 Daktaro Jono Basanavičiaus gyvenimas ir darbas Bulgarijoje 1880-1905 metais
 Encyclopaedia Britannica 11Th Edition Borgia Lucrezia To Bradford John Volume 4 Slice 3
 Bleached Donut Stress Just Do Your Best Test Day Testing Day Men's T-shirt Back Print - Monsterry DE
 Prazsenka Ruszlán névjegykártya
...
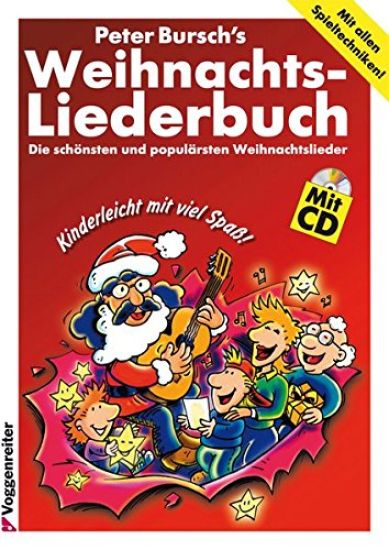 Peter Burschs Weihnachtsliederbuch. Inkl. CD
--
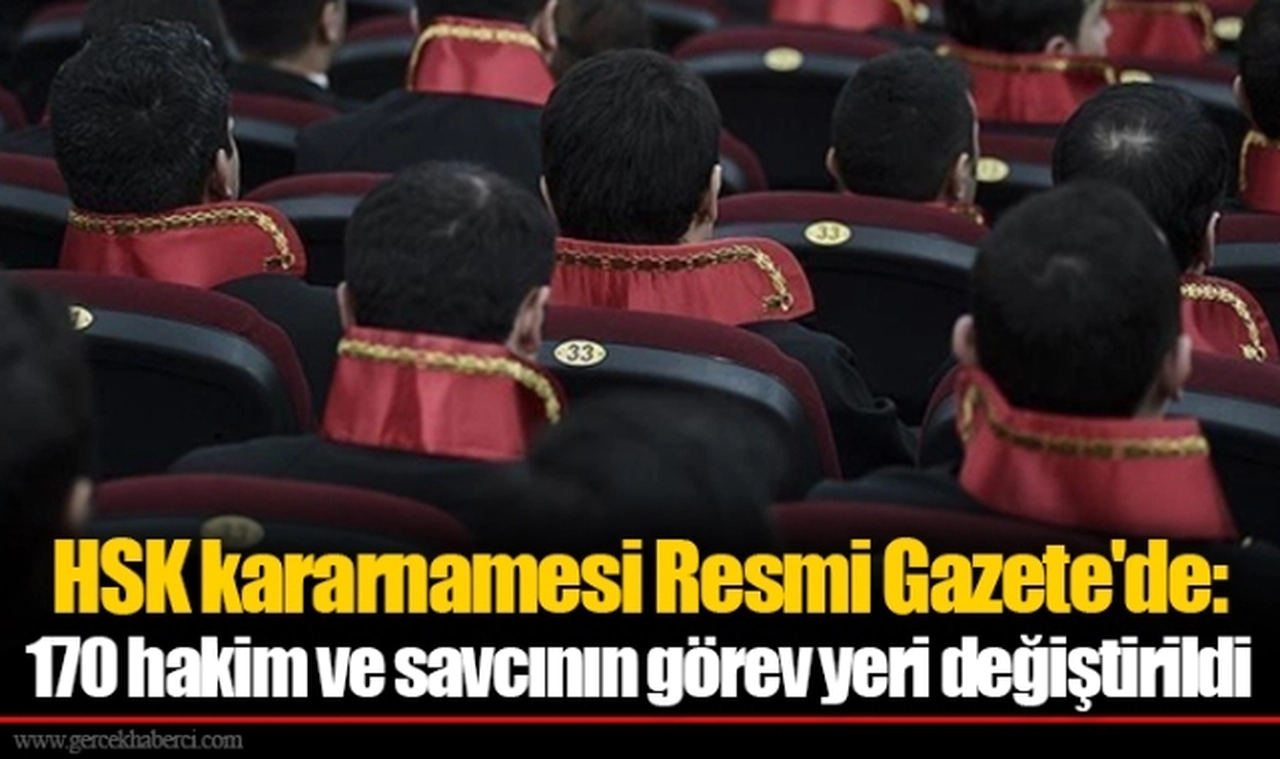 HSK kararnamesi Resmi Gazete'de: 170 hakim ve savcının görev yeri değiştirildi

:: Exercise requirements ::
Reproduce exactly, and with no other material, the lines between those holding "Daktaro Jono Basanavičiaus" and "Bleached Donut Stress", inclusive.

:: Written solution ::
 Daktaro Jono Basanavičiaus gyvenimas ir darbas Bulgarijoje 1880-1905 metais
 Encyclopaedia Britannica 11Th Edition Borgia Lucrezia To Bradford John Volume 4 Slice 3
 Bleached Donut Stress Just Do Your Best Test Day Testing Day Men's T-shirt Back Print - Monsterry DE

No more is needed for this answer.